I've been visiting temples galore during my time on the Thailand Experience, so thought it was about time I filled you in on what I've seen so far!
In a country where (according to the last census) 94.6% of the population described themselves as Buddhist, you would be correct in thinking that Thailand is littered with stunning temples and shrines. Wherever you go, be it a small rural town, a motorway service station, or deep in the heart of the city, you will soon be blinded by glittering roofs, taken back by the size of gold buddhas and fallen in love with the brightly coloured elephants guarding the shrines.
The Thai’s take their religion very seriously, with a Monk being a person of great upstanding in the community (they even get their own special lounge at the airport!). In Buddhism, a monk is not allowed to touch, talk or look at a female- to do so is considered a sin. So, while on various visits to temples around the country where we are blessed by Monks, we are very cautious to respect their beliefs. The girls on the group keep our shoulders and knees covered and discourage eye contact. When the Monk presents gifts to us (we have been kindly given bracelets and necklaces) we are to place our palms out, so the Monk can drop them into our waiting palms, whereas the Monk will place the gifts gently into the boys hands. We always let the boys go first when receiving these gifts, as a mark of respect- although this has raised some questions concerning gender equality amongst the group!

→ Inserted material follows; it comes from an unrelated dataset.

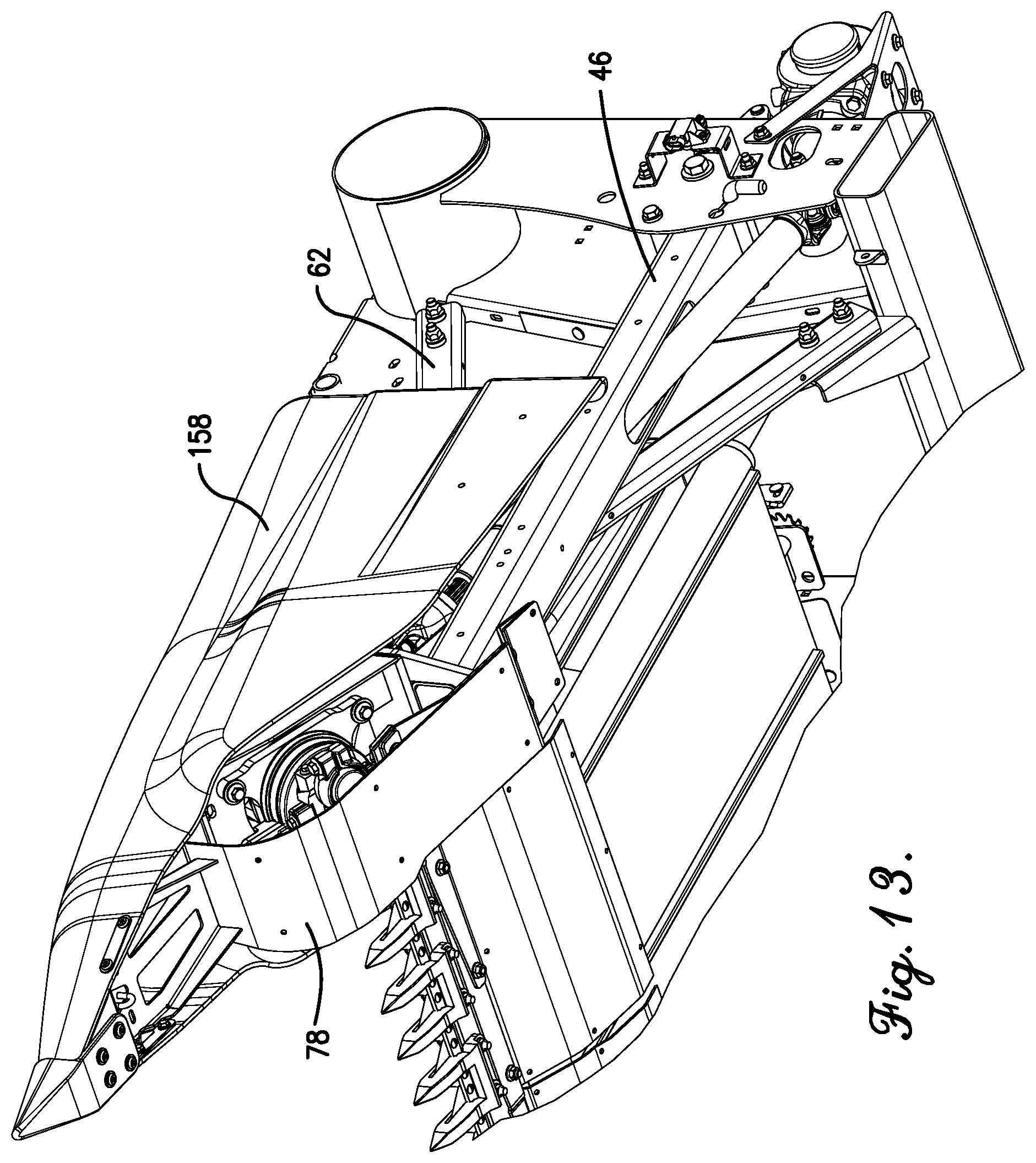 Patent US11778946 Figure 13 – Flexible header with sectional height adjustment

While at Tiger Temple (the original TT, not where I cuddled and played with Tigers), we were given a meditation lesson by a monk. This particular day, we had done a lot of temple viewing, and the option to sit in an air-conditioned room, in silence with your eyes closed, proved too much of a temptation for some, and we soon heard some snoring penetrating the room! While with this particular Monk, we learnt both walking and sitting meditation- via video instructions! Walking meditation is particularly strange, as it literally involves you putting one foot in front of the other very slowly saying ‘walk... walk... walk’ every few seconds in a slow hushed voice. When it was time to turn a corner you could have to stand for several seconds saying ‘standing... standing... standing’... Before turning in the direction of travel you now wanted to head off in ‘turning... turning... turning’ (I think you get the gist now!). In sitting meditation, the aim of the game is just to keep repeating the word ‘sitting’ in your head, focussing your mind on that one word and not letting it drift off- very strange. I am not sure if I am cut out for meditation as my mind was fully on my dinner!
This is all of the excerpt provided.